Para ela, os títulos indexados ao IPCA devem ter mais espaço visto que há o risco de aumento da inflação ao mesmo tempo em que os investidores devem priorizar os vencimentos de curto e médio prazo. “Nesses prazos, conseguimos ver os efeitos da política monetária atual, enquanto os títulos mais longos são mais voláteis e, por isso, são considerados mais arriscados”, afirma Nepomuceno.

A perspectiva é quase um consenso de mercado visto que Moreira, da WMS Capital, também possui a mesma orientação aos investidores interessados em aproveitar as rentabilidades do Tesouro Direto.
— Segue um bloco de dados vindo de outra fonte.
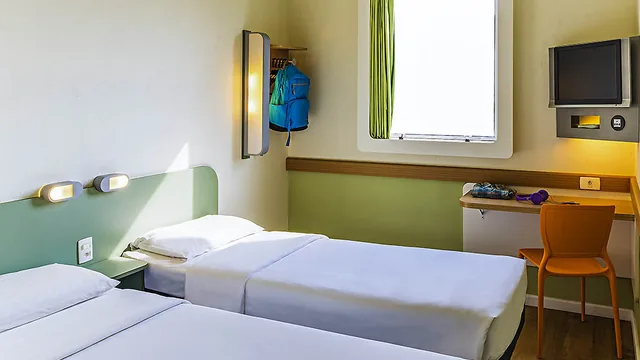 Ramada by Wyndham Nuernberg Parkhotel photo 7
Segundo ele, no caso dos prefixados, a preferência deve ser por papeis com vencimentos de até no máximo cinco anos devido às incertezas sobre o cenário de juros no Brasil.

Já em relação aos títulos indexados ao IPCA, o especialista recomenda os papeis com vencimentos para 20235.  “Quanto maior for horizonte de tempo, mais sensível será o título às volatilidades do mercado”, ressalta o especialista.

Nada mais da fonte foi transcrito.